The approach minimizes an objective function F(X) subject to M inequality constraints on X, where X is a vector of variables that has N components. The algorithm employs linear approximations to the objective and constraint functions, the approximations being formed by linear interpolation at N+1 points in the space of the variables. We regard these interpolation points as vertices of a simplex. The parameter RHO controls the size of the simplex and it is reduced automatically from RHOBEG to RHOEND. For each RHO the subroutine tries to achieve a good vector of variables for the current size, and then RHO is reduced until the value RHOEND is reached.
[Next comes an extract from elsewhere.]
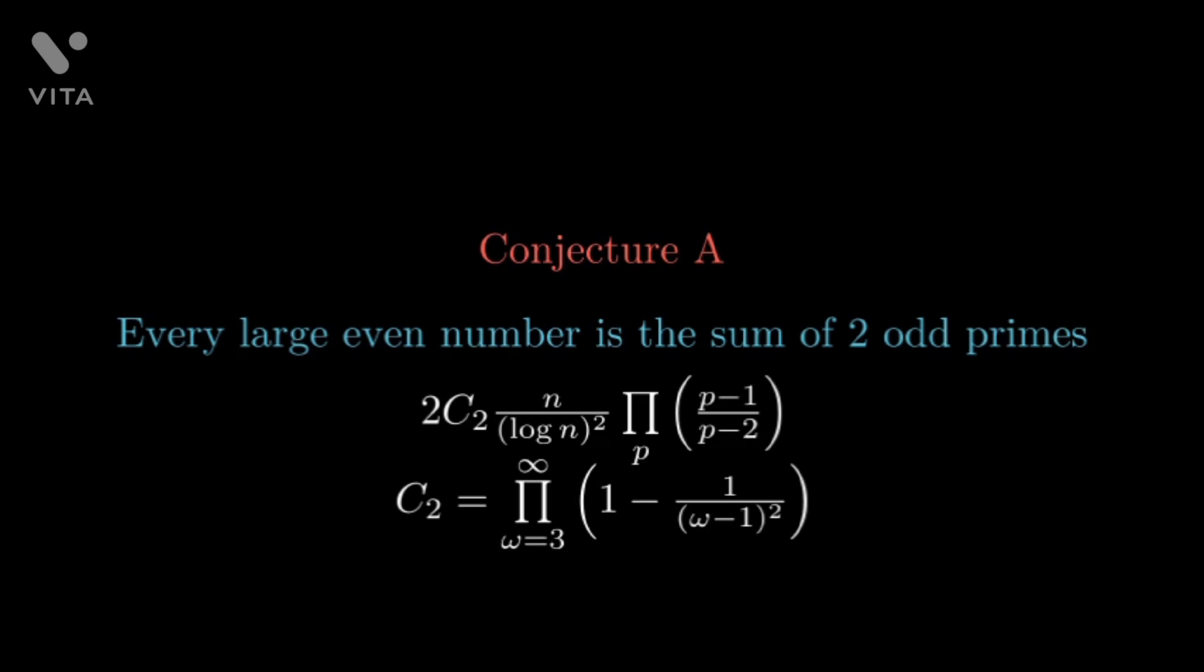Well, we are not completely hopeless. We do have some significant partial results. Let's have a look on some. Using Vinogradov's method, it was shown that almost all even numbers can be written as a sum of two primes.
Therefore RHOBEG and RHOEND should be set to reasonable initial changes to and the required accuracy in the variables respectively, but this accuracy should be viewed as a subject for experimentation because it is not guaranteed.
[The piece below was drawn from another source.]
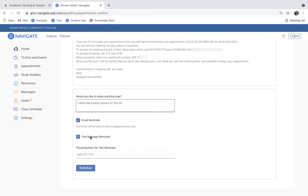Now, in addition to the reminders, you will also receive a confirmation once you click the Schedule button, which will go to your student email. You'll need to access your student email for all of this information. If you have any questions about how to access your student email, you can call the IT Help Desk at 616-234-4357.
The subroutine has an advantage over many of its competitors, however, which is that it treats each constraint individually when calculating a change to the variables, instead of lumping the constraints together into a single penalty function. The name of the subroutine is derived from the phrase Constrained Optimization BY Linear Approximations.

The user must set the values of N, M, RHOBEG and RHOEND, and must provide an initial vector of variables in X. Further, the value of IPRINT should be set to 0, 1, 2 or 3, which controls the amount of printing during the calculation. Specifically, there is no output if IPRINT=0 and there is output only at the end of the calculation if IPRINT=1. Otherwise each new value of RHO and SIGMA is printed. Further, the vector of variables and some function information are given either when RHO is reduced or when each new value of F(X) computed in the cases IPRINT=2 or IPRINT=3 respectively. Here SIGMA is a penalty parameter, it being assumed that a change to X is an improvement if it reduces the merit function

F(X)+SIGMA*MAX(0.0, - C1(X), - C2(X),..., - CM(X)),

where C1,C2,...,CM denote the constraint functions that should become non-negative eventually, at least to the precision of RHOEND. In the printed output the displayed term that is multiplied by SIGMA is called MAXCV, which stands for 'MAXimum Constraint Violation'. The argument ITERS is an integer variable that must be set by the user to a limit on the number of calls of CALCFC, the purpose of this routine being given below. The value of ITERS will be altered to the number of calls of CALCFC that are made.